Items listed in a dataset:
#####
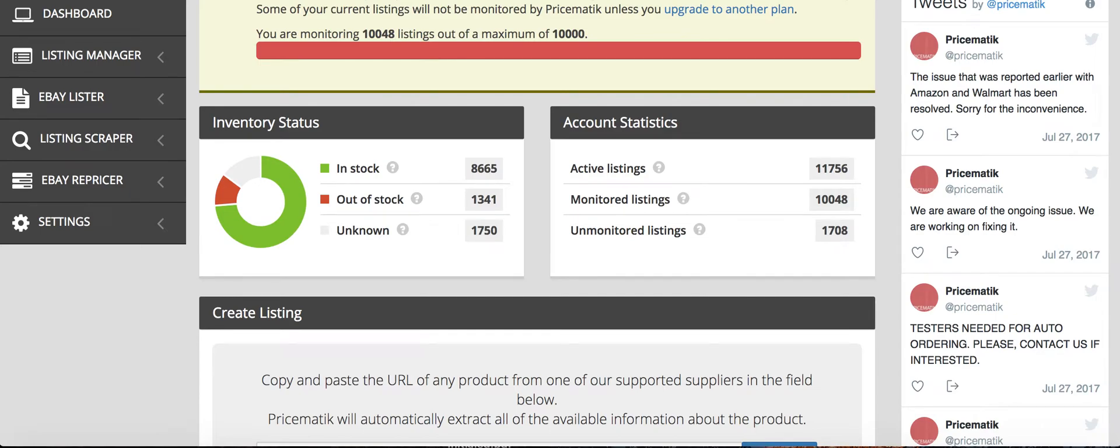I'm going to be talking about Pricematic. If you've ever thought about, or if you've already started Amazon to eBay dropshipping, then this is the tool that you... It's a must-have tool for making profit online between those two platforms.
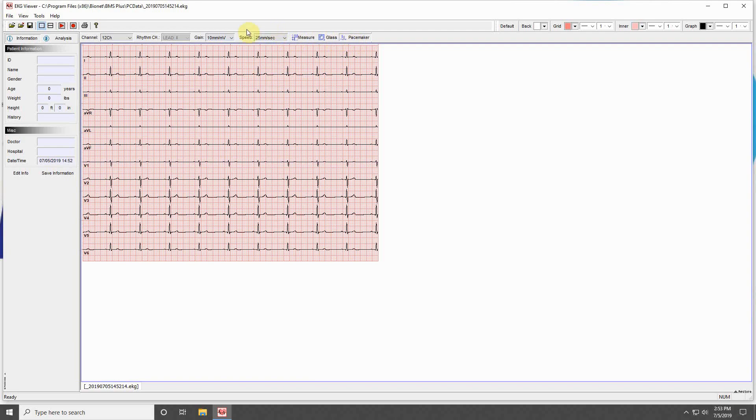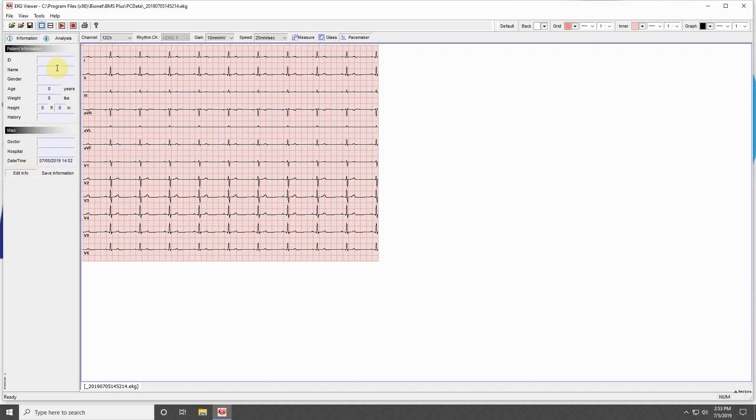The last section of the program is the customizable information fields on the left. These allow you to adjust the patient data for the file if you have not previously entered this information into your machine. Click Edit Info to input information, and save information to save it.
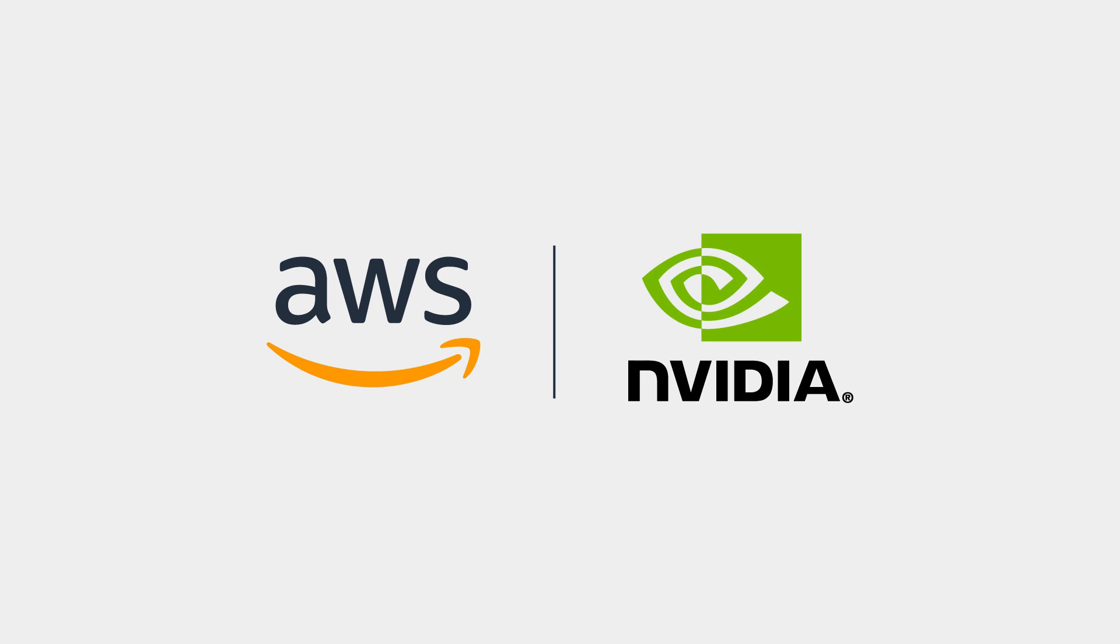If you are leveraging cloud infrastructure instead of your own hardware, GPU time slicing is supported by major cloud providers. AWS offers GPU instances like the Graviton series, which supports time slicing, allowing multiple AI tasks to share a single GPU.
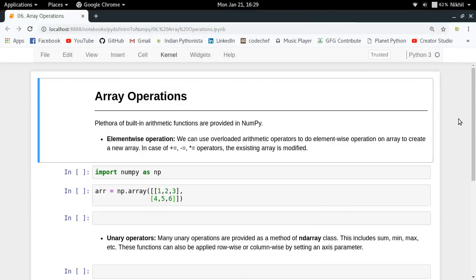Hey guys, welcome to the sixth video of my series on introduction to NumPy. In this video we're going to talk about NumPy array operations.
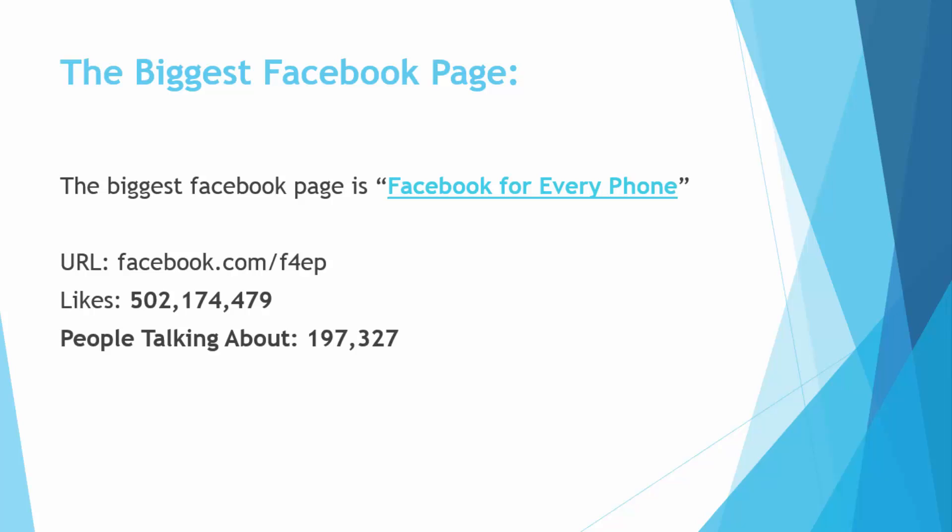Its URL is facebook.com/up4ep and it has 502,174,479 likes on a single page. That's why it's the biggest page on Facebook. And here is its people talking about: 197,327.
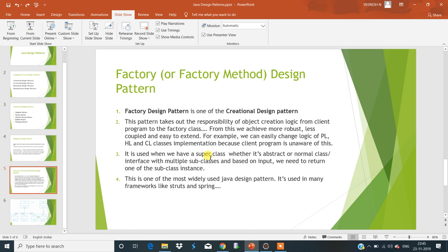This is a very important design pattern and it is also the most widely used design pattern. Not only in our own projects — in real-time projects it is already used in many frameworks like Struts 1.x, Struts 1.2, Spring, and Hibernate. It is even used in JDK implementation as well.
#####
- _WORK INSTRUCTIONS_
Give the data above back unchanged, except for the pictures.

- _EXERCISE OUTPUT_
I'm going to be talking about Pricematic. If you've ever thought about, or if you've already started Amazon to eBay dropshipping, then this is the tool that you... It's a must-have tool for making profit online between those two platforms.
The last section of the program is the customizable information fields on the left. These allow you to adjust the patient data for the file if you have not previously entered this information into your machine. Click Edit Info to input information, and save information to save it.
If you are leveraging cloud infrastructure instead of your own hardware, GPU time slicing is supported by major cloud providers. AWS offers GPU instances like the Graviton series, which supports time slicing, allowing multiple AI tasks to share a single GPU.
Hey guys, welcome to the sixth video of my series on introduction to NumPy. In this video we're going to talk about NumPy array operations.
Its URL is facebook.com/up4ep and it has 502,174,479 likes on a single page. That's why it's the biggest page on Facebook. And here is its people talking about: 197,327.
This is a very important design pattern and it is also the most widely used design pattern. Not only in our own projects — in real-time projects it is already used in many frameworks like Struts 1.x, Struts 1.2, Spring, and Hibernate. It is even used in JDK implementation as well.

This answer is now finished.